Leng Soundly Defeats Garrett In Hamden

In a race that pitted experience versus a call for change, Hamden Mayor Curt Leng handily beat back a primary challenge by Lauren Garrett Tuesday night, capturing 61 percent of the vote.

The Independent’s vote tally, collected at voting stations and including absentee ballots, shows two-term incumbent Leng with 3,220 votes to Garrett’s 2,037 votes.

Leng won all nine voting districts.

Primaries are healthy for democracy. They let you grow and discuss ideas and vision with voters. We did that a lot,” Leng told his supporters in a victory speech.

I love election day. Election day is your opportunity to get your report card. And we did good.
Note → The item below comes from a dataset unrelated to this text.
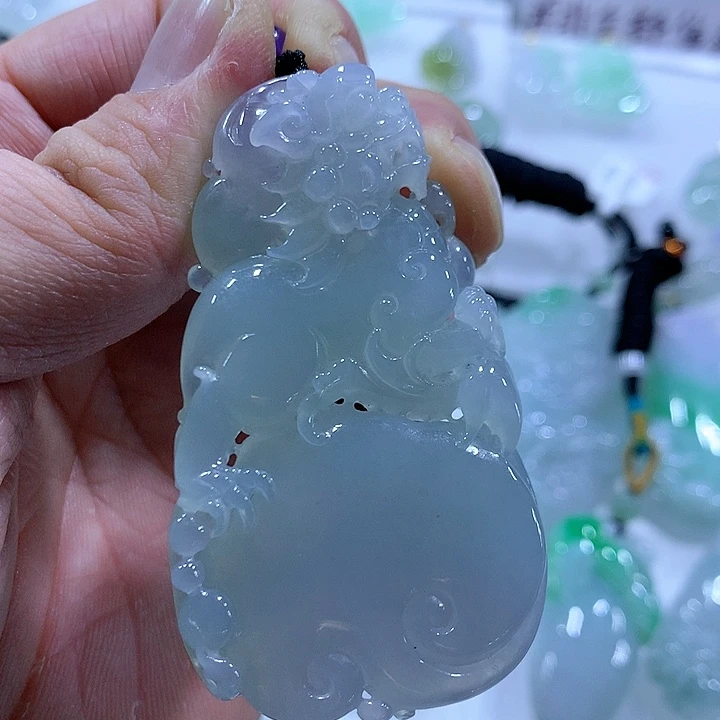 翡翠颈饰未镶嵌天然翡翠A货吊坠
We did good this year in our report card. … I trust Main Street voters that come out on election day, and our Main Street voters came out. They came out hard.”

Garrett addressed supporters at at the Mikro brewpub.

This didn’t go our way. But I’m really proud of the campaign that we ran,” she said.

We had an uphill battle. It’s a hard message to tell people the finances are such that taxes will have to go up. That’s really unfortunate. But we’ve got a lot of problems coming up. Hopefully the Council is going to provide a check on the administration.”

Voters Weigh Experience, Change

Sam Gurwitt Photo

Dan Garrett calling voters outside of the Keefe Center.

I’m hoping you vote for Lauren Garrett,” Dan Garrett called out to a voter as she made her way into the Keefe Community Center in Hamden at around 3 p.m. on Tuesday. Her main focus is development of southern Hamden.”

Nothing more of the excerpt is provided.